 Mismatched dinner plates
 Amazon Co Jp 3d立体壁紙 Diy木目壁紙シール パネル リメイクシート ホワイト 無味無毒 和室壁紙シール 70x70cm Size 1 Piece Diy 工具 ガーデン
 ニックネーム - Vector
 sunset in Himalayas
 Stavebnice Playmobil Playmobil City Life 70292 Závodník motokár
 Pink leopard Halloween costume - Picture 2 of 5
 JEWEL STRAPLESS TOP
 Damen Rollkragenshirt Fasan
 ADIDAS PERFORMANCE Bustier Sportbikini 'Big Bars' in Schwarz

==

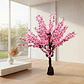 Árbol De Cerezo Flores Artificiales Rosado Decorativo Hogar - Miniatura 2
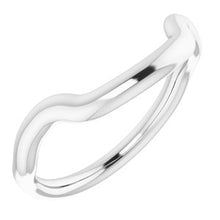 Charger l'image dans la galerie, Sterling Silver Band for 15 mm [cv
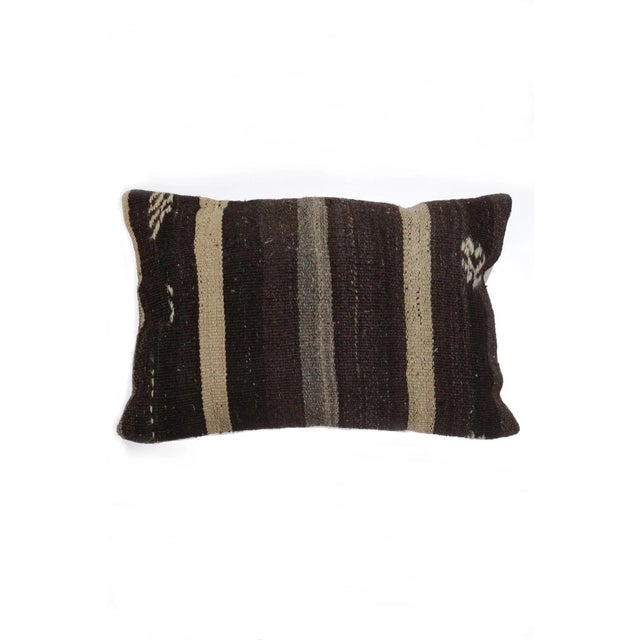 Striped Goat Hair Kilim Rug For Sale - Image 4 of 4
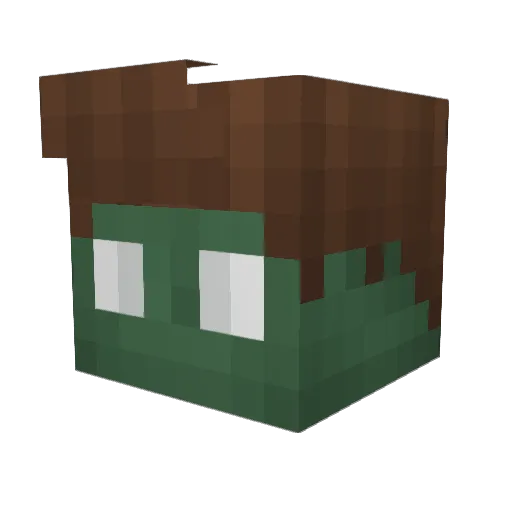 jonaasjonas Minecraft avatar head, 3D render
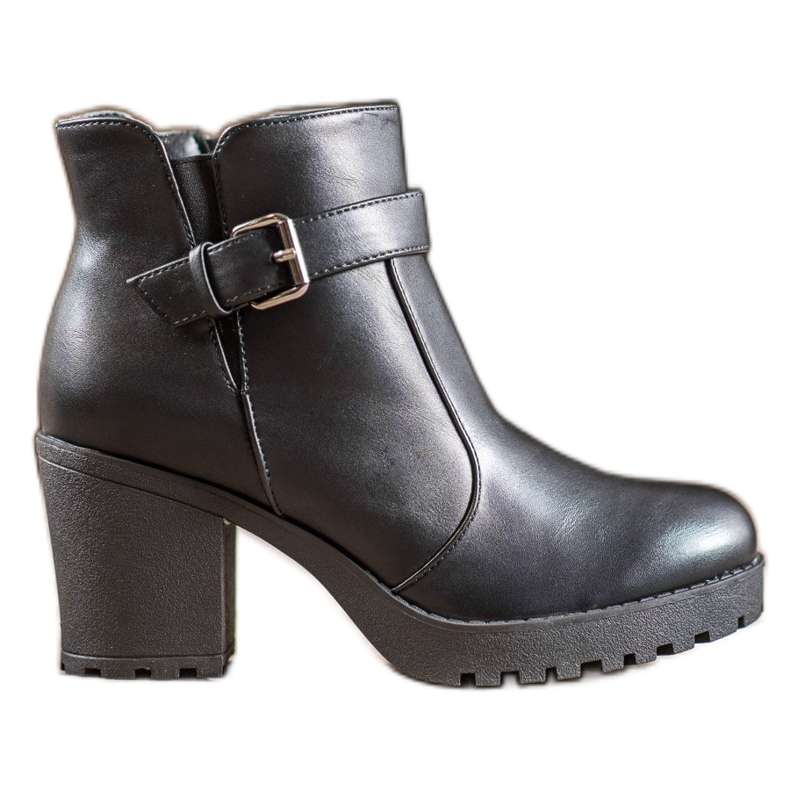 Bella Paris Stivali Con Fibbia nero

...

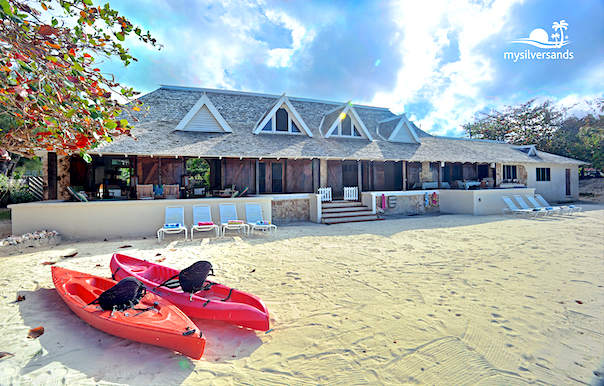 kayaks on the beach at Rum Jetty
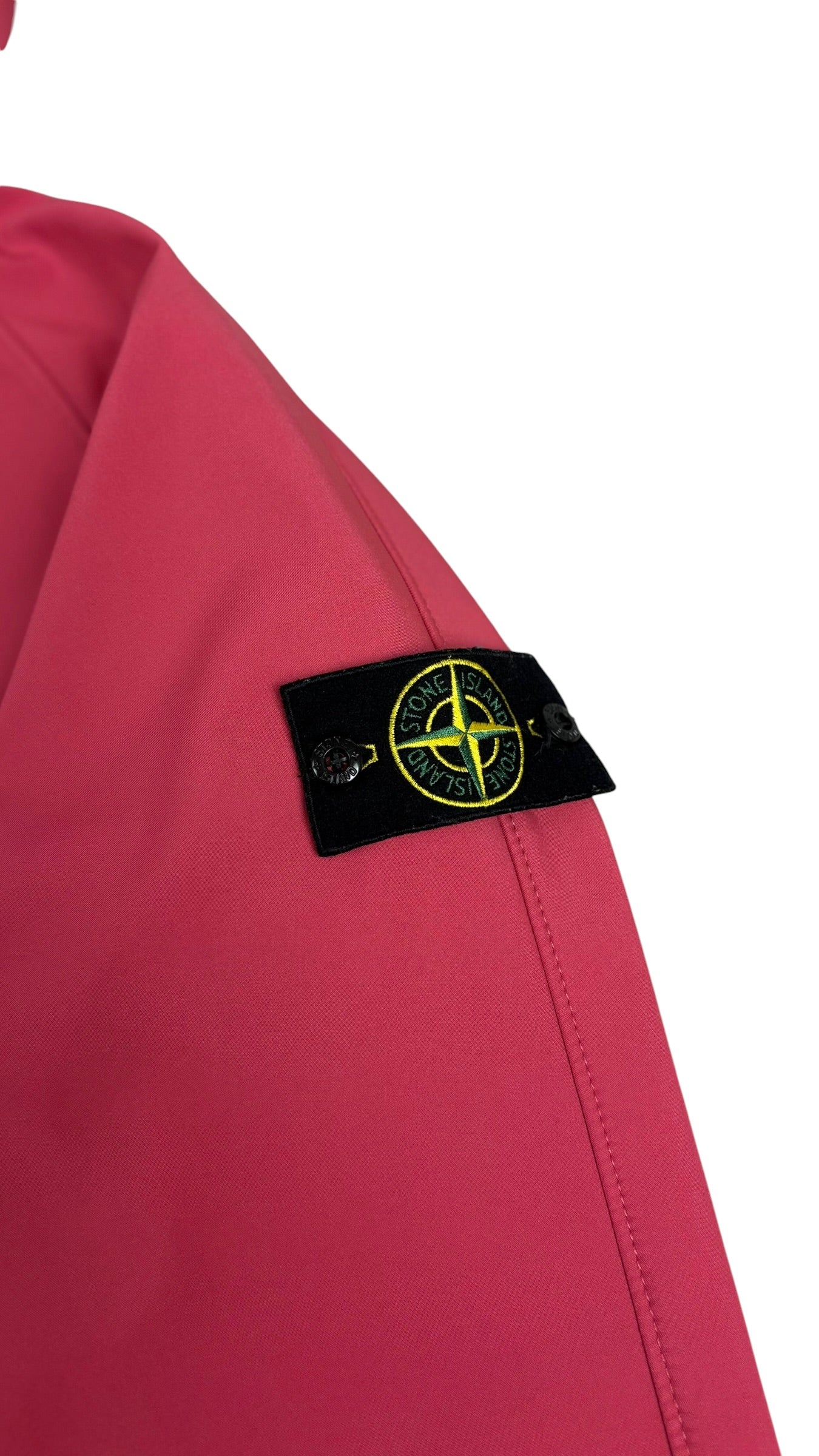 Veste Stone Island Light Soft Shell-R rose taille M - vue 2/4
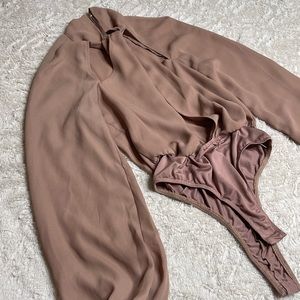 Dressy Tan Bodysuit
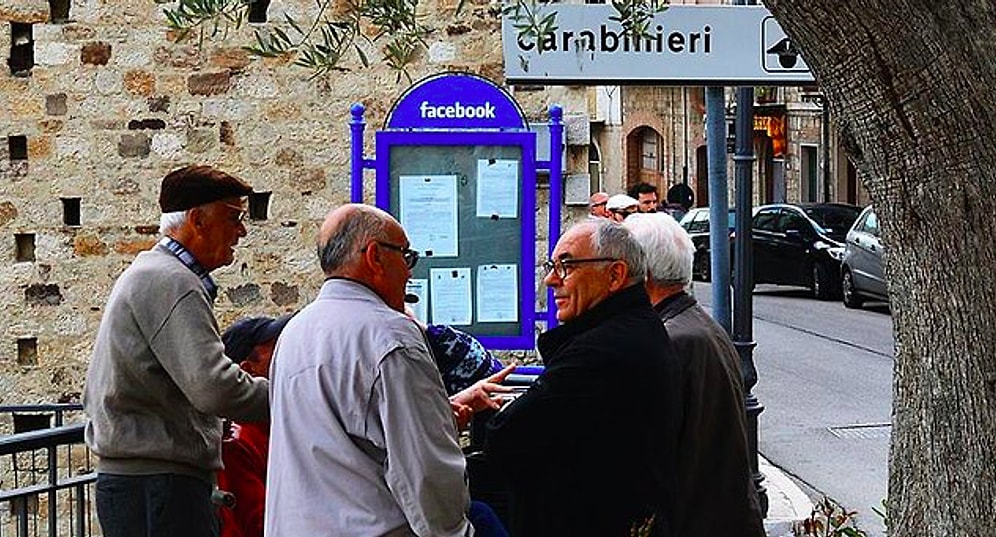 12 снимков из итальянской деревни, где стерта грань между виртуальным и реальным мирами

What you should do: After locating the line containing "Charger l'image dans" in the entries above, return it and every line after it exactly, ending at the line containing "Bella Paris Stivali Con Fibbia nero", without pictures.

The answer:
 Charger l'image dans la galerie, Sterling Silver Band for 15 mm [cv
 Striped Goat Hair Kilim Rug For Sale - Image 4 of 4
 jonaasjonas Minecraft avatar head, 3D render
 Bella Paris Stivali Con Fibbia nero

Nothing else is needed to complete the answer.